*** Block opens ***

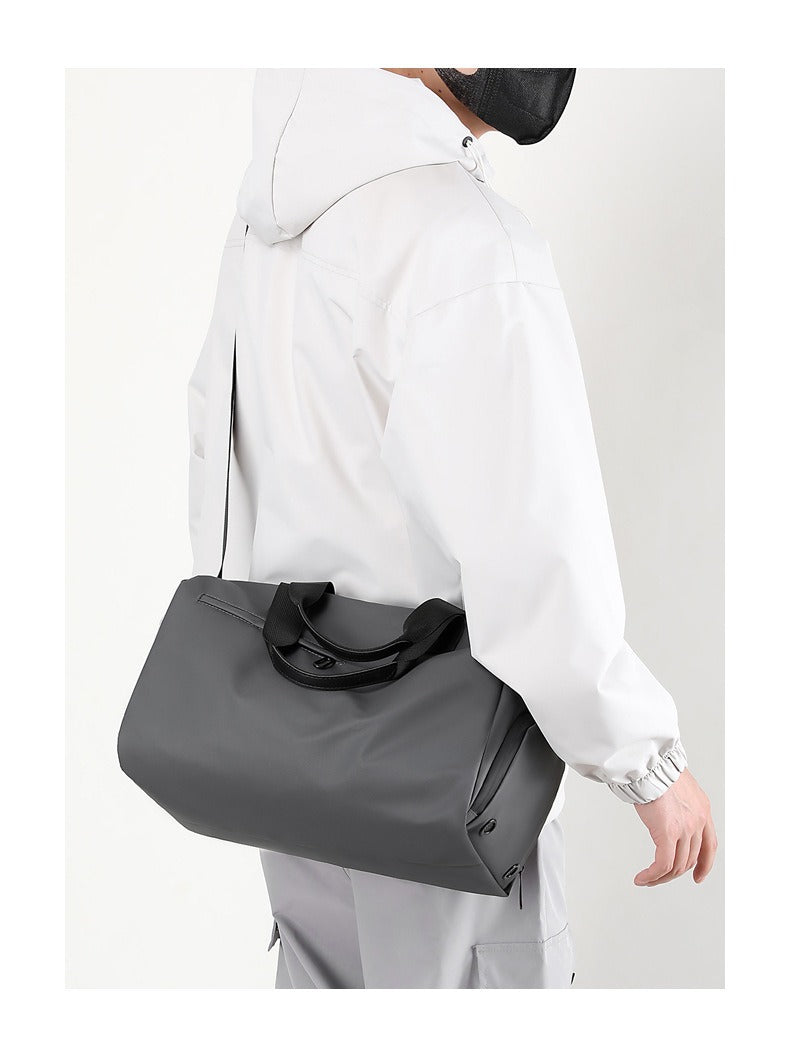 Separate wet and dry shoe compartments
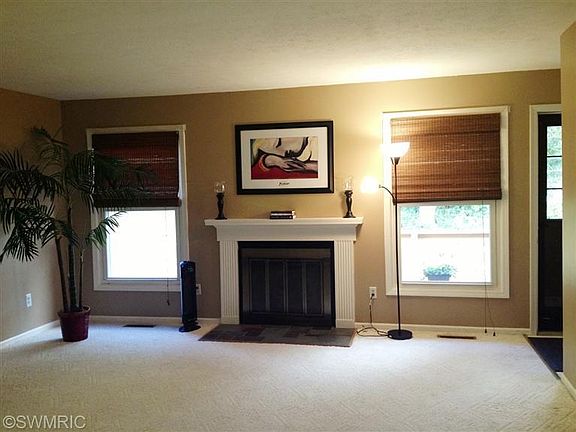 4th image of 3088 Sturgeon Bay Ave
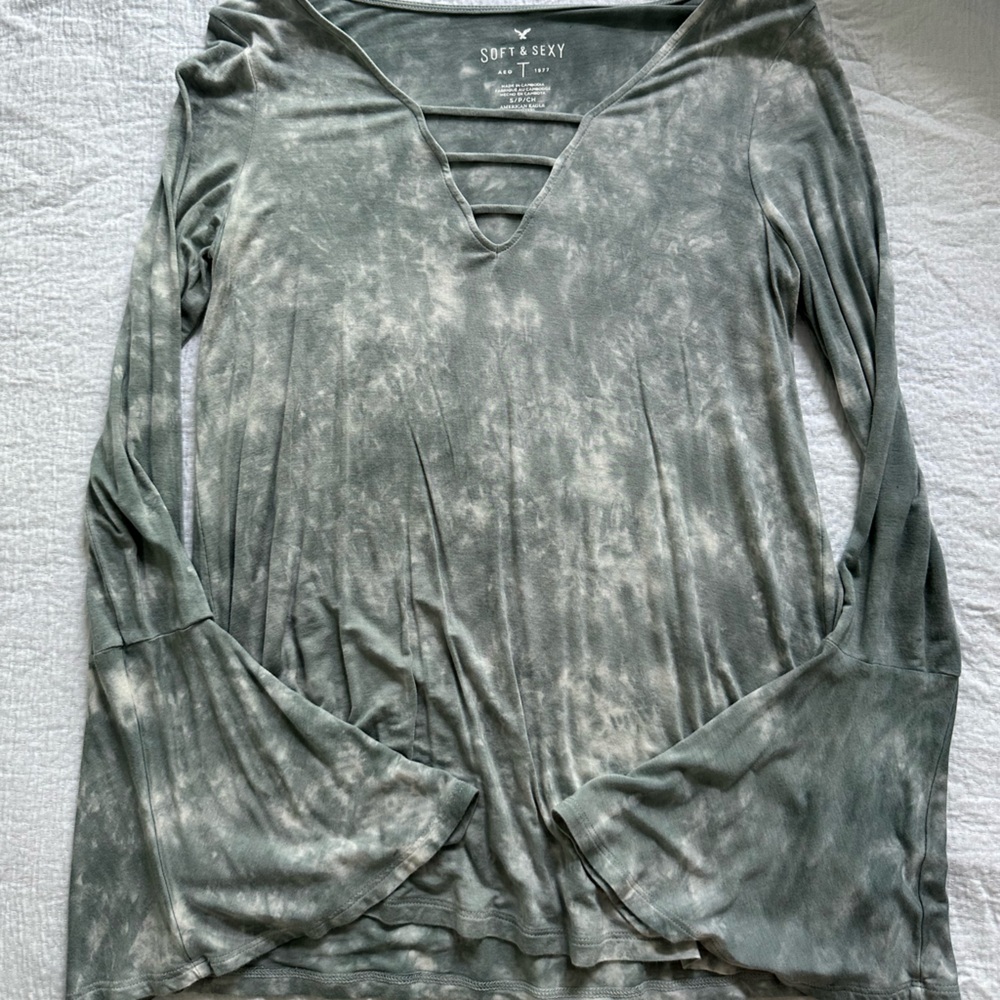 American Eagle Long Sleeve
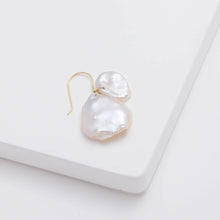 Load image into Gallery viewer, Petal double pearl hook earrings
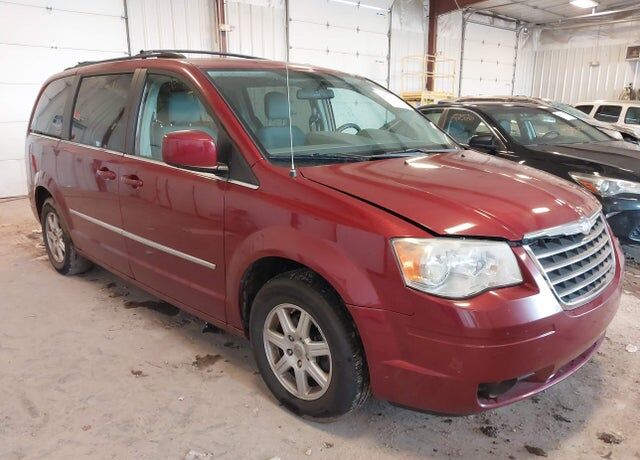 2010 CHRYSLER Town and Country
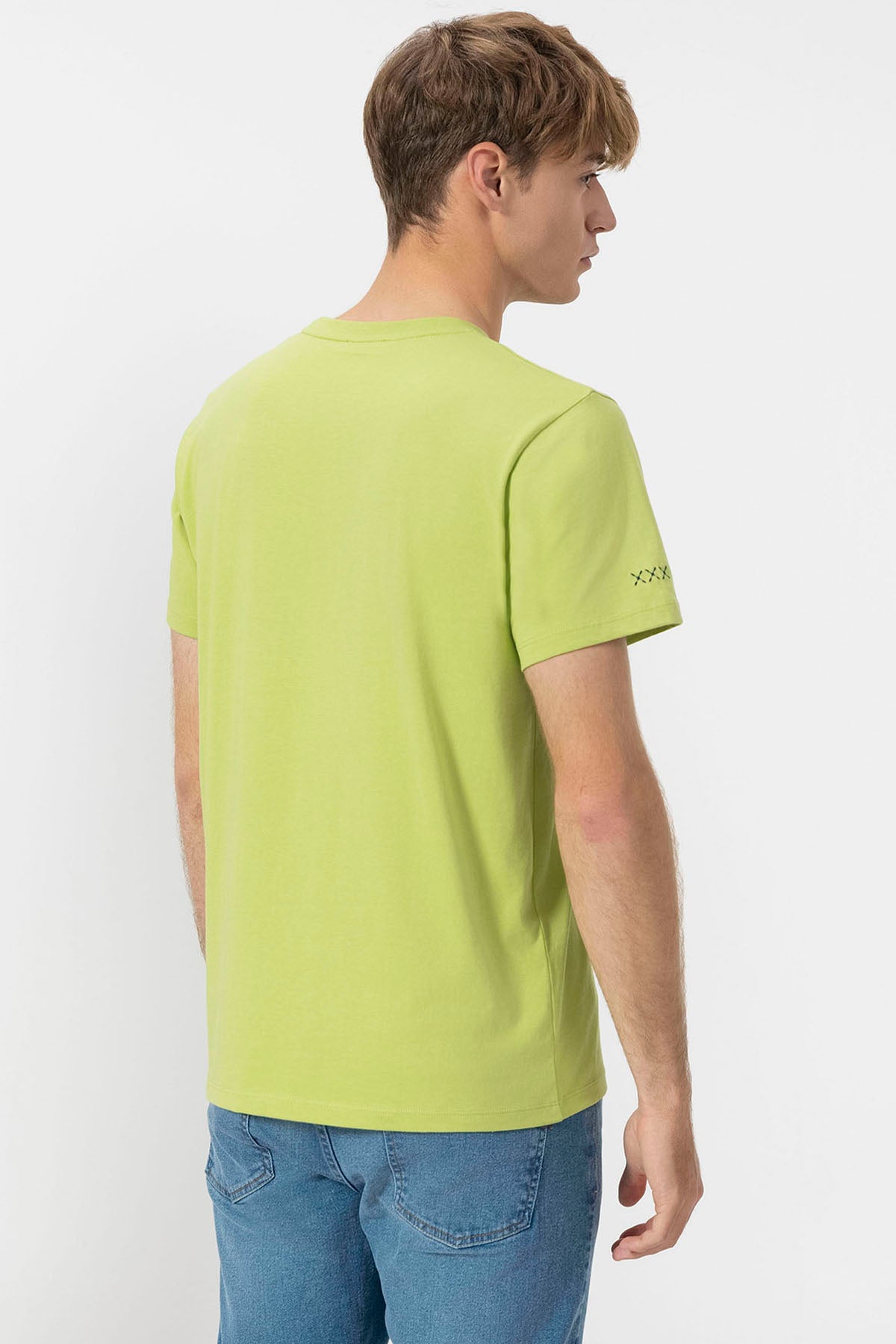 CAMISETA  EL MAR TODO LO-CURA VERDE PISTACHO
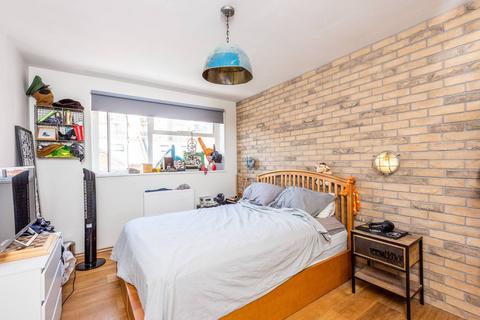 2 bedroom flat to rent, Lesley Court, Westminster, London, SW1P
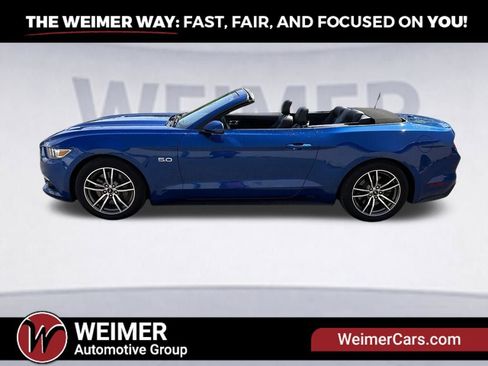 Used 2017 Ford Mustang GT Premium w/ Equipment Group 401A RWD image 9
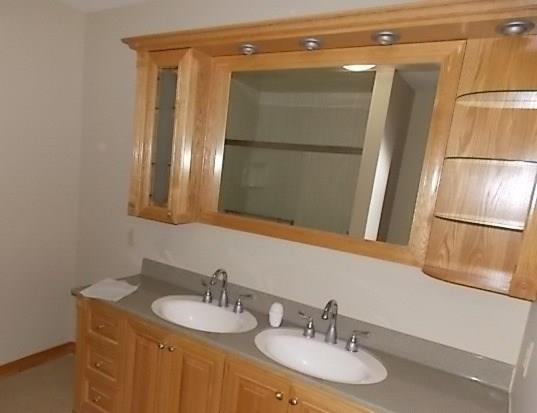 5540 Thompson Road Indianapolis, IN 46221 - Photo 8 of 11 Gallery Image 8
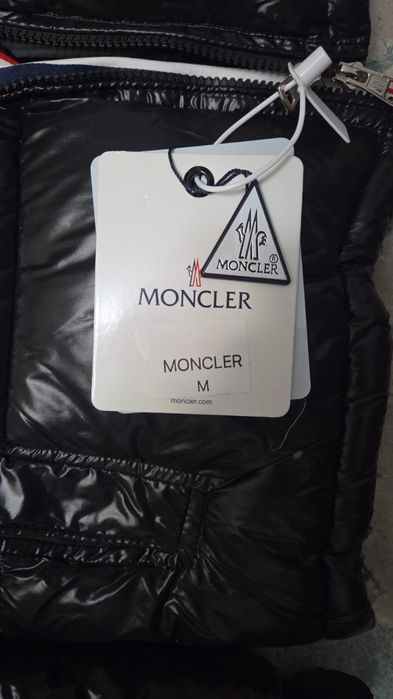 Geaca m.o.n.c.l.e.r  montbeliard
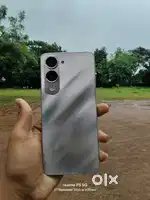 VIVO Y 19 4 , 128 5 MON OLD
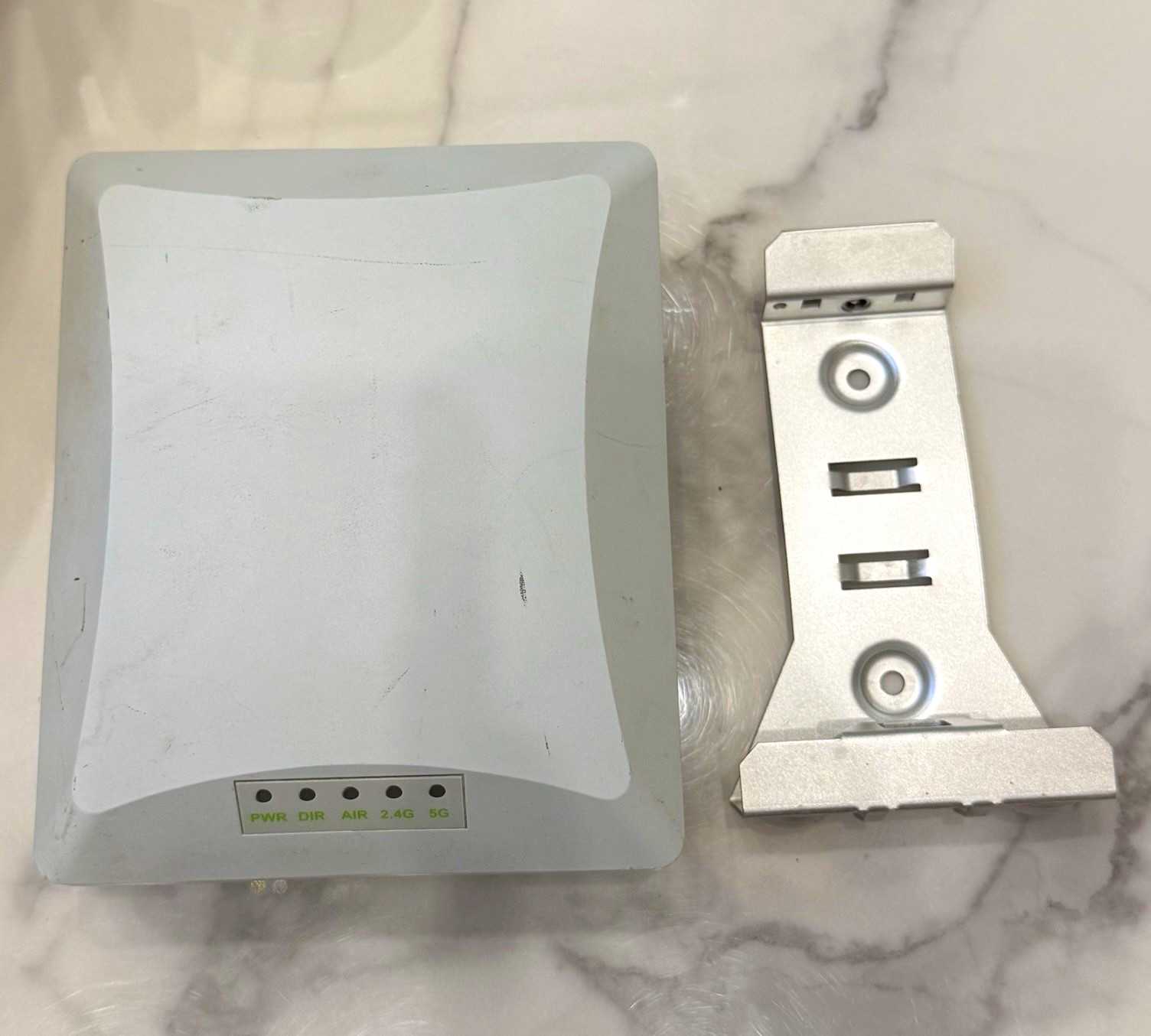 Ruckus T300 901-T300-US01 Outdoor Wireless Access Point WiFi PoE w/ Mount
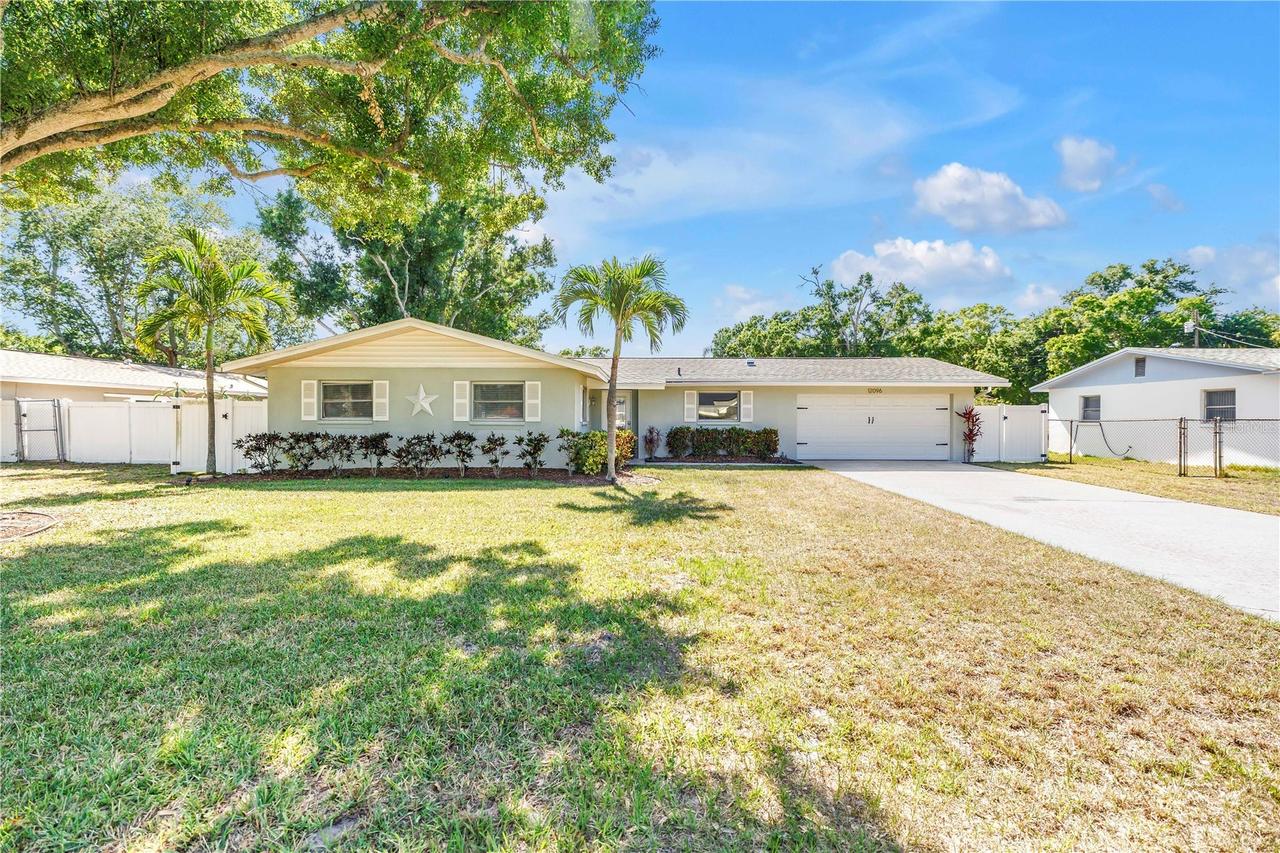 12096 Oak St., Largo, FL 33774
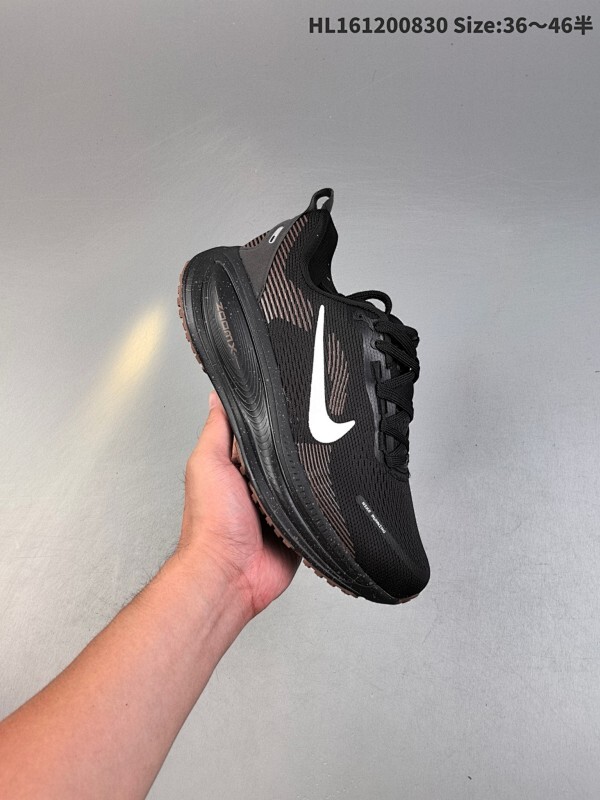 耐克Nike Air Zoom Vomero 18 全新科技提前原鞋开发 运动跑鞋 区别市面真标版本 必定是官方强力主推款式，真正的Zoom缓震科技嵌入如假包退 ，缓震大底带公司同步定位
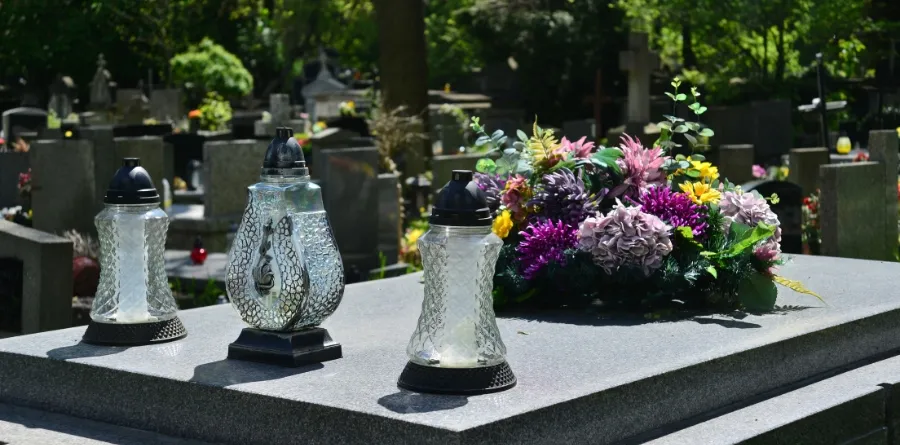 Czy palimy znicze w dniu pogrzebu? Tradycje i przesądy, które musisz znać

*** Block closes ***

**TASK INSTRUCTIONS:**
Could you transcribe every entry exactly, leaving out the pictures?

**EXERCISE SOLUTION:**
 Separate wet and dry shoe compartments
 4th image of 3088 Sturgeon Bay Ave
 American Eagle Long Sleeve
 Load image into Gallery viewer, Petal double pearl hook earrings
 2010 CHRYSLER Town and Country
 CAMISETA  EL MAR TODO LO-CURA VERDE PISTACHO
 2 bedroom flat to rent, Lesley Court, Westminster, London, SW1P
 Used 2017 Ford Mustang GT Premium w/ Equipment Group 401A RWD image 9
 5540 Thompson Road Indianapolis, IN 46221 - Photo 8 of 11 Gallery Image 8
 Geaca m.o.n.c.l.e.r  montbeliard
 VIVO Y 19 4 , 128 5 MON OLD
 Ruckus T300 901-T300-US01 Outdoor Wireless Access Point WiFi PoE w/ Mount
 12096 Oak St., Largo, FL 33774
 耐克Nike Air Zoom Vomero 18 全新科技提前原鞋开发 运动跑鞋 区别市面真标版本 必定是官方强力主推款式，真正的Zoom缓震科技嵌入如假包退 ，缓震大底带公司同步定位
 Czy palimy znicze w dniu pogrzebu? Tradycje i przesądy, które musisz znać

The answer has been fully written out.